En su ultimo reporte, el centro de estudios señala que «los datos relevados por el IBIM-OJF permiten estimar para mayo una caída de la inversión de 22,3% anual, medido en términos de volumen físico, descontando el efecto precios», en tanto que «en la medición a precios constantes la inversión representó el 17,4% del PIB, mientras que medido en dólares, se invirtieron US$ 4.820 M».

De esta manera, los primeros cinco meses del año acumulan una caída interanual de 18,6%.

 

Maquinaria y equipos: La inversión en equipo durable de producción observó una contracción de 18,7% durante mayo, como resultado de una caída en los equipos importados de 26,0%, y de una baja en los equipos nacionales de 7,5%, siempre en la comparación con el mismo mes del año pasado.

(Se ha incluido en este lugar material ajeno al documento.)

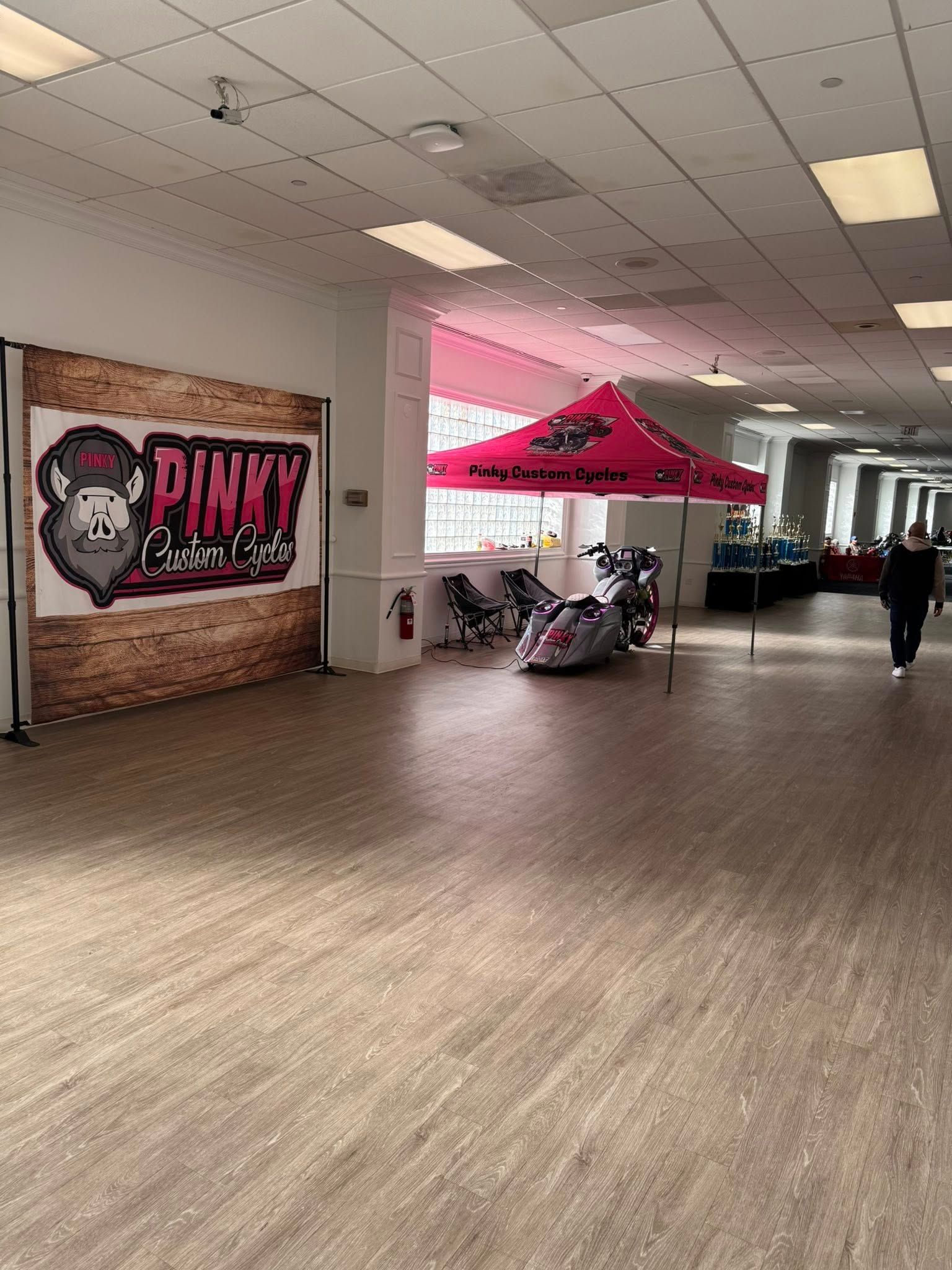 Interior shot of a vendor area. Displays include a pink tent, motorcycle, and banner with the word 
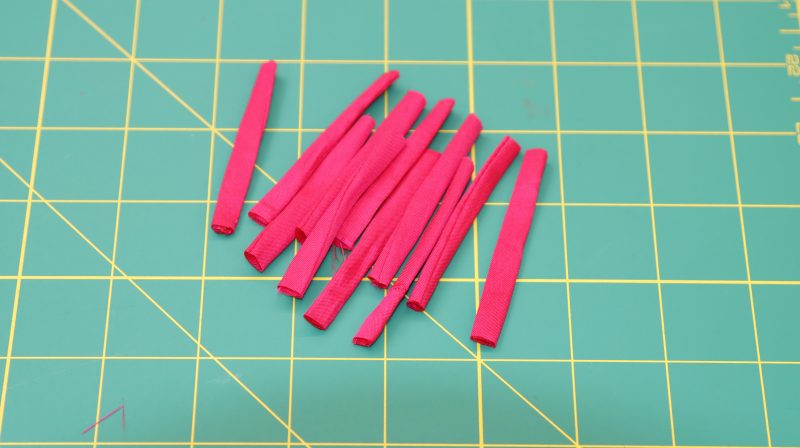 How To Cut Tubes Into Strips - Polyester Taffeta - Mood Fabrics - Biella Fit and Flare Dress Free Sewing Pattern Tutorial - MDF514 - Mood Fabrics Sewciety Blog - Cut the tube into strips that are 2.5 inches long.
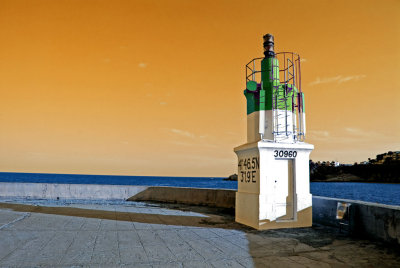 Lighthouse illuminated by the sky...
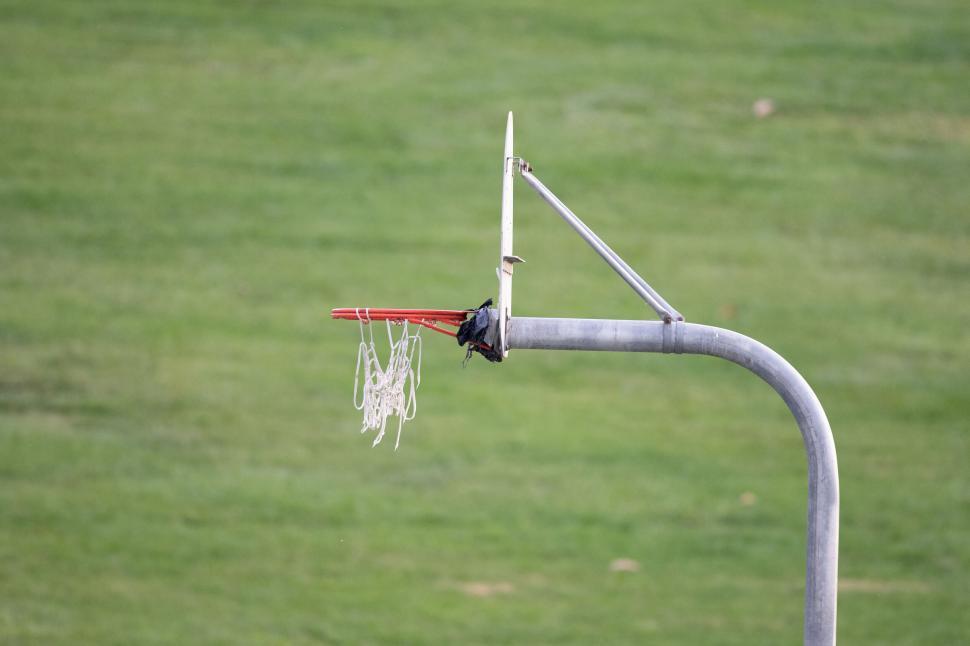 Free Image of Basketball hoop with torn net against sky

El acumulado de los cinco meses transcurridos en el año muestra una caída de 15,1% en la inversión en este apartado.

Construcción: Las inversiones vinculadas a la construcción registraron una caída de 26,1% en la comparación anual, acumulando para los primeros cinco meses del año una baja de 22,2% respecto del mismo período del año anterior.

El informe señala que «la inversión continúa virtualmente paralizada en el quinto mes del año». «La construcción lidera la baja, empujada particularmente por el parate en la construcción privada, seguido por los bajísimos niveles de importación de maquinaria productiva2, advierte el centro de estudios.

El informe indica que «para los próximos meses no se anticipa una recuperación de los niveles de inversión previos a la crisis provocada por la pandemia, los cuales ya de por si no eran buenos».

«La recesión económica, junto con el casi nulo acceso a los mercados internacionales y con una estructura macroeconómica muy débil, provocan un escenario de máxima cautela y desconfianza entre los agentes; asimismo, la elevada capacidad instalada para los niveles actuales de producción en la mayoría de los sectores atenta contra la inversión en equipos durables de producción», señala el reporte.